Les cours ne suivent pas une trajectoire linéaire et ils font parfois quelques pas en arrière, avant de repartir de plus belle.

Après la forte hausse des marchés des actions depuis le début de l’année, le temps de la pause semble venu. On sait que les cours des actions ne suivent pas une trajectoire linéaire et qu’ils font parfois quelques pas en arrière, avant de repartir de plus belle. Ce scénario nous semble probable pour les semaines à venir. La conjoncture est trop faible à l’heure actuelle pour justifier un véritable redressement des cours, sans compter l’incertitude supplémentaire liée aux menaces de relèvement des tarifs douaniers de la part du président Trump. Nous pensons donc qu’il vaut mieux réduire le risque des portefeuilles pour le moment. Garder suffisamment de liquidités de côté permettra d’exploiter avec profit les occasions qui pourraient survenir sur les marchés financiers au cours des prochaines semaines.

Rétrospective: le calme avant la tempête?

Avril fut encore un mois favorable aux actifs risqués. Les cours des marchés des actions du monde entier ont poursuivi leur ascension, pour atteindre de nouveaux records historiques aux États-Unis. Les investisseurs qui observaient depuis longtemps la remontée sans y participer sont revenus sur le marché dans un contexte d’amélioration des statistiques conjoncturelles. Enfin, l’indice de la Bourse suisse (SMI) a lui aussi terminé le mois d’avril sur un nouveau record absolu.

Nouveaux records en avril

Source: Datastream, J. Safra Sarasin, 09.05.2019

Début mai sont toutefois apparus les premiers revers et nous estimons qu’une période de consolidation modérée semble normale après la forte hausse enregistrée depuis le début de l’année.

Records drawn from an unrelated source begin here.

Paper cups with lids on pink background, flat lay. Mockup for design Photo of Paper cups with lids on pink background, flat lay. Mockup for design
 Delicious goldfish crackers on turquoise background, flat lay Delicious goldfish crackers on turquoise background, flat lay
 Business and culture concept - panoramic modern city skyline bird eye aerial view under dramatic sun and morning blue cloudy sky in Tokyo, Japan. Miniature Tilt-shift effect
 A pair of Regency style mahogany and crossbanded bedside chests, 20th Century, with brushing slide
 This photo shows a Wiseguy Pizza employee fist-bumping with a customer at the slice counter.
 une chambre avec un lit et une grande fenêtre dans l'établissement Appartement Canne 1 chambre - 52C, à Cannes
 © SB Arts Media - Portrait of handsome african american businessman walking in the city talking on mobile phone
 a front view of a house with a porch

Perspectives économiques en demi-teinte

Les statistiques macroéconomiques publiées pour la zone euro sont mitigées, en particulier à cause de facteurs exogènes. Tandis que la demande intérieure reste solide, les volumes d’exportations des six derniers mois accusent un net repli, qui a pesé sur l’industrie manufacturière. Les derniers indices des directeurs d’achats dénotent toutefois une stabilisation et l’amélioration des indicateurs de liquidité laisse espérer que le plus-bas conjoncturel pourrait prochainement être surmonté.

La reprise n’est pas encore confirmée

Source: Datastream, J. Safra Sarasin, 09.05.2019

Les indices des directeurs d’achats des États-Unis (ISM) annoncent également un repli. À court terme, les perspectives semblent orientées à la baisse, surtout tant que la dynamique des indicateurs restera négative (voir le graphique ci-dessus). Il semble donc prématuré de parler déjà de retournement de tendance dans les pays industrialisés. Ainsi en raison de la chute des nouvelles commandes, nous attendons encore quelques mois de faiblesse. La situation se présente un peu mieux dans les pays émergents. En Chine, le plus-bas conjoncturel a probablement été atteint au premier trimestre et, malgré un décrochement en avril, la dynamique semble repartie à la hausse. Toutefois, nous attendons une accélération progressive. Le différend commercial qui s’est ravivé en mai entre les États-Unis et la Chine accroît l’incertitude quant aux perspectives de croissance de l’économie au second semestre.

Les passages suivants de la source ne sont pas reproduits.